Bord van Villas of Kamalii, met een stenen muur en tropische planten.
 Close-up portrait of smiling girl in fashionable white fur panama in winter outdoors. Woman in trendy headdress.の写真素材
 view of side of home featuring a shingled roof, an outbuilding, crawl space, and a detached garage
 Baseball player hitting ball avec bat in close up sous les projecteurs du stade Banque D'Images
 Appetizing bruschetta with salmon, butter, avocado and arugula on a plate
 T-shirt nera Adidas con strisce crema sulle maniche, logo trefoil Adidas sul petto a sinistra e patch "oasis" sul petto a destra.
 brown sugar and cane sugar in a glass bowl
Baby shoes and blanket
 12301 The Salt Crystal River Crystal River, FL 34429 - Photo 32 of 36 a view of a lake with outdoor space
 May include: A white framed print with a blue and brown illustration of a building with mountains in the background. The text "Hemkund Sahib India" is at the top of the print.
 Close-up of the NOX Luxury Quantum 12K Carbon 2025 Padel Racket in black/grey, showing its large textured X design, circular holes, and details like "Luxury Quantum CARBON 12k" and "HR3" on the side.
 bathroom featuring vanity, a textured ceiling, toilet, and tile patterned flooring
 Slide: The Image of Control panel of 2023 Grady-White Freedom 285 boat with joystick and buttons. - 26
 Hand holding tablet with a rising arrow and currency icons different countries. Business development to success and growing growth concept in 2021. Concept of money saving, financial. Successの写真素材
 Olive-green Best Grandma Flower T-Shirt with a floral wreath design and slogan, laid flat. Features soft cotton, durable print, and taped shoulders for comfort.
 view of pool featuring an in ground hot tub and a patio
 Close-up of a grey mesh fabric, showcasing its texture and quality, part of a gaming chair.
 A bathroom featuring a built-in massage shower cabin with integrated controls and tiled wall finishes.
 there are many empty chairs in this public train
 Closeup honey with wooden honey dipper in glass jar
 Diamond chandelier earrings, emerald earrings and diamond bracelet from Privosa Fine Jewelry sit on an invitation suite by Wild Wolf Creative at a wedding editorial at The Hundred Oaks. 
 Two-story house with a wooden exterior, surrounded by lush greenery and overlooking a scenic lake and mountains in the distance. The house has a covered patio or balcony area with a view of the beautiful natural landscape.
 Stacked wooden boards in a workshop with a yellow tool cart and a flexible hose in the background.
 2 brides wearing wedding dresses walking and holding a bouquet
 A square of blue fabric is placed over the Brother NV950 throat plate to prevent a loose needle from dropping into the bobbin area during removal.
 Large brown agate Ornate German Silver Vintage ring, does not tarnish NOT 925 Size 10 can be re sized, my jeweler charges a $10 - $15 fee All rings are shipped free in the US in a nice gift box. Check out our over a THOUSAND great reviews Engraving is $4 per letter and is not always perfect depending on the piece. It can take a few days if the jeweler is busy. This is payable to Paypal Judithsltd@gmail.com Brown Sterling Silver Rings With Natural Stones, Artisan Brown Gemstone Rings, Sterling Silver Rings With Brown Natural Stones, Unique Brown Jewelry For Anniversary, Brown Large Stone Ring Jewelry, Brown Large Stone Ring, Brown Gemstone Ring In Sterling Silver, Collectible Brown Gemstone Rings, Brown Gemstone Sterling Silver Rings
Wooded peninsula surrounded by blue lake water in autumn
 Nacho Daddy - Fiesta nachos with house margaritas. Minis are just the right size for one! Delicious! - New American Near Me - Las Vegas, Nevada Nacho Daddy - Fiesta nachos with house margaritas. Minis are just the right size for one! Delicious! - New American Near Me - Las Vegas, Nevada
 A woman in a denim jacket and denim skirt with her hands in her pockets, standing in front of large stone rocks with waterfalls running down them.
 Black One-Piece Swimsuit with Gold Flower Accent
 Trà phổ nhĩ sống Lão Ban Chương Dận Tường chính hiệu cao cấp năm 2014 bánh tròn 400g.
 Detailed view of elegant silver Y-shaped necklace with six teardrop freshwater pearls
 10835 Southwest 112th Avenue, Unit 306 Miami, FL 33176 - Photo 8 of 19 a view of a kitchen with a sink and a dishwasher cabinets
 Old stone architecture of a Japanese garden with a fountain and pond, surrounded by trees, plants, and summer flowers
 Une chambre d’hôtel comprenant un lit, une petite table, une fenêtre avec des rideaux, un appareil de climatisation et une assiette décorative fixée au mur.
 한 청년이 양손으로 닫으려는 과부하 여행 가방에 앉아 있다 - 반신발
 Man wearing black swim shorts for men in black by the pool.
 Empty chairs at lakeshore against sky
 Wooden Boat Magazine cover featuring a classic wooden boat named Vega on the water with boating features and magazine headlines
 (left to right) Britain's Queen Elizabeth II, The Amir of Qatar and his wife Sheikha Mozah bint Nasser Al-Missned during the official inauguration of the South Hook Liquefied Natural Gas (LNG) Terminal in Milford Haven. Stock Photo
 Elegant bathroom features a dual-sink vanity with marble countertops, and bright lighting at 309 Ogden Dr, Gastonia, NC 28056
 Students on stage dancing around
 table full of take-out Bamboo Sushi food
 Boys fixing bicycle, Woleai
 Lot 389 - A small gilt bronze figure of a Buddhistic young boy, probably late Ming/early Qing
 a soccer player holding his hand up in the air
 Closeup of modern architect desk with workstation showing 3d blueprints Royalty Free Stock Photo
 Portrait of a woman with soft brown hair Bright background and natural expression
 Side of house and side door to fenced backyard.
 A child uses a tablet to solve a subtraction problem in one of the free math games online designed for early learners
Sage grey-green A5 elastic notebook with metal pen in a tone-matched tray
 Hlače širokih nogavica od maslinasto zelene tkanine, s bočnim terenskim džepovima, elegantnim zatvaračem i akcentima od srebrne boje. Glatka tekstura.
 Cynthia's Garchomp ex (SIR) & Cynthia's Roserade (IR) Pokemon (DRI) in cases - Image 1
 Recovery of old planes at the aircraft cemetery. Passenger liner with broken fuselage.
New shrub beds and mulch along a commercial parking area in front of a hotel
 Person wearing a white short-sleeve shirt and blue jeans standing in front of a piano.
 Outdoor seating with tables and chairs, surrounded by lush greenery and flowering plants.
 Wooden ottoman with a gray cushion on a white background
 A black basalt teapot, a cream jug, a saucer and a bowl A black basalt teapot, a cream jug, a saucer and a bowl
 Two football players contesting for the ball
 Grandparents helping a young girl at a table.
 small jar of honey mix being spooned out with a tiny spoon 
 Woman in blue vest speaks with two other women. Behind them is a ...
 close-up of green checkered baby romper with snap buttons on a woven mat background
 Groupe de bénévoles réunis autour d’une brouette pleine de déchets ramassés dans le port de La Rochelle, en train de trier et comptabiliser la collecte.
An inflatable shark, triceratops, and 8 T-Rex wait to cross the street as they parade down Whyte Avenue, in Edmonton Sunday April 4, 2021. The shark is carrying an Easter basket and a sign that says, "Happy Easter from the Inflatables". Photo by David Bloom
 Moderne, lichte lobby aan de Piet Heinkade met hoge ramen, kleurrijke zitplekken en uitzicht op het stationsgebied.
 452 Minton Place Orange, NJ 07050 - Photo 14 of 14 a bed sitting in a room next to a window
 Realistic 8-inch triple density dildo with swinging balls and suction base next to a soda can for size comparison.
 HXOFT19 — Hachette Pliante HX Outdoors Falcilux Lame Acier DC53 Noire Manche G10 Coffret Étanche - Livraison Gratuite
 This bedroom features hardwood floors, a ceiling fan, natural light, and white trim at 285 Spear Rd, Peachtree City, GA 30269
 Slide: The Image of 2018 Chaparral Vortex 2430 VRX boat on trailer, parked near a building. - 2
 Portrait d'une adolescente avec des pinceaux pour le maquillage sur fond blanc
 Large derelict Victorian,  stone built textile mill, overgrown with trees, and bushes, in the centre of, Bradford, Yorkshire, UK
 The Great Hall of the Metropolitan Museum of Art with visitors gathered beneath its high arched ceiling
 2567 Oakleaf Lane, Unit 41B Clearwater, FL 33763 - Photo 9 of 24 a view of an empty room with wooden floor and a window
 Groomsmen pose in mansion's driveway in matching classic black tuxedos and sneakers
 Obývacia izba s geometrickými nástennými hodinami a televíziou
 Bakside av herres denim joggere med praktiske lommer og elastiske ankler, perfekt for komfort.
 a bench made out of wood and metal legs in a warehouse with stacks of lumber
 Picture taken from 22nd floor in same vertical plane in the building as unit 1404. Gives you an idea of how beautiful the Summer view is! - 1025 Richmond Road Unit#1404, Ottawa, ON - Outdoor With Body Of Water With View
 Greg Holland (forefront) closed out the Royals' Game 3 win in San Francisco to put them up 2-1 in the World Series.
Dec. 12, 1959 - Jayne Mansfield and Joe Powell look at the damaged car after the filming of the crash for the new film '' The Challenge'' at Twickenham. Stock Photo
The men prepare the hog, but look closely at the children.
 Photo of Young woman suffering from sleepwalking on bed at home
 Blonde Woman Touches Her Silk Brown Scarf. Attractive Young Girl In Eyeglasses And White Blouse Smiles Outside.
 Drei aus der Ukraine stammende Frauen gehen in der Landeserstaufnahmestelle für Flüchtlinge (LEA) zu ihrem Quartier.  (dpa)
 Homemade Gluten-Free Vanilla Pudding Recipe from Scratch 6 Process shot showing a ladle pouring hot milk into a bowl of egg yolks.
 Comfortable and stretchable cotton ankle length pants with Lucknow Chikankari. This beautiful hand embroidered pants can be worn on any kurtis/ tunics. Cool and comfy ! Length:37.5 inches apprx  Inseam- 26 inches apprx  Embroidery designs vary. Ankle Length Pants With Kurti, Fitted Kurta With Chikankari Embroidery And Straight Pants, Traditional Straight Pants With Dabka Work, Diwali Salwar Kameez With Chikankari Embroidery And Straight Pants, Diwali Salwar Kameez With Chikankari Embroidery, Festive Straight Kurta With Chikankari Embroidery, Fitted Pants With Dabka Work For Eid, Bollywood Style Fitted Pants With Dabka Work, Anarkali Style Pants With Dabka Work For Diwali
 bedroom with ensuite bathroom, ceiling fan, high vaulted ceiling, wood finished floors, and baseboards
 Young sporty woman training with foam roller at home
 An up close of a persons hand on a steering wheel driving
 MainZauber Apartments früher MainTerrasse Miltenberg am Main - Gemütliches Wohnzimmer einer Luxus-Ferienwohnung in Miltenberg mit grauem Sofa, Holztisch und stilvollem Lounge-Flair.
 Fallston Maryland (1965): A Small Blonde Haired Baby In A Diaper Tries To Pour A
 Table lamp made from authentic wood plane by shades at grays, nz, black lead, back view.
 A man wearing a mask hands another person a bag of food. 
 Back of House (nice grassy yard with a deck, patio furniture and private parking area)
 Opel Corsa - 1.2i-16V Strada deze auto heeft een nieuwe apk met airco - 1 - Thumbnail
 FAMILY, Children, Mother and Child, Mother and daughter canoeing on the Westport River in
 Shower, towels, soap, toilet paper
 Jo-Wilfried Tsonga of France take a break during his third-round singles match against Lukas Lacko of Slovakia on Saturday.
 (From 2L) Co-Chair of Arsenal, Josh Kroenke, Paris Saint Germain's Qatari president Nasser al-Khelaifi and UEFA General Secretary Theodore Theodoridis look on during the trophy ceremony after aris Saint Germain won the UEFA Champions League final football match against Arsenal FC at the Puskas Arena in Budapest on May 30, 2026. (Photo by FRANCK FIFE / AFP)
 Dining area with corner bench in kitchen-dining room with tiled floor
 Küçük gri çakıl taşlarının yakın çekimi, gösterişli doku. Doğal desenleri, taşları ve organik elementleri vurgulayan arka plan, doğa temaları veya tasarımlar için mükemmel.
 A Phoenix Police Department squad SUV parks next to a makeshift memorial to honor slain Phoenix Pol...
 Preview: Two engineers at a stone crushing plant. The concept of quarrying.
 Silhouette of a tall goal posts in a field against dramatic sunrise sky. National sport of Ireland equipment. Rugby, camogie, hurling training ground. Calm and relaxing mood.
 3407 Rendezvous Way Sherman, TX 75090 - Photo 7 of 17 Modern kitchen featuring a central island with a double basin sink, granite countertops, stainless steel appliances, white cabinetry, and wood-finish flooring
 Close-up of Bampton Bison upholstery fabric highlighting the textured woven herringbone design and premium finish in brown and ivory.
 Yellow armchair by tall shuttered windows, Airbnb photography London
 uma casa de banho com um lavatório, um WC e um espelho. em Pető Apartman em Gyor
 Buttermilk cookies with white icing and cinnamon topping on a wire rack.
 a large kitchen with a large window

::::

= Required action =
Return a word-for-word copy of the lines above from the one holding "Appetizing bruschetta with" through the one holding "May include: A", with both of them included and nothing besides.

= Task response =
 Appetizing bruschetta with salmon, butter, avocado and arugula on a plate
 T-shirt nera Adidas con strisce crema sulle maniche, logo trefoil Adidas sul petto a sinistra e patch "oasis" sul petto a destra.
 brown sugar and cane sugar in a glass bowl
Baby shoes and blanket
 12301 The Salt Crystal River Crystal River, FL 34429 - Photo 32 of 36 a view of a lake with outdoor space
 May include: A white framed print with a blue and brown illustration of a building with mountains in the background. The text "Hemkund Sahib India" is at the top of the print.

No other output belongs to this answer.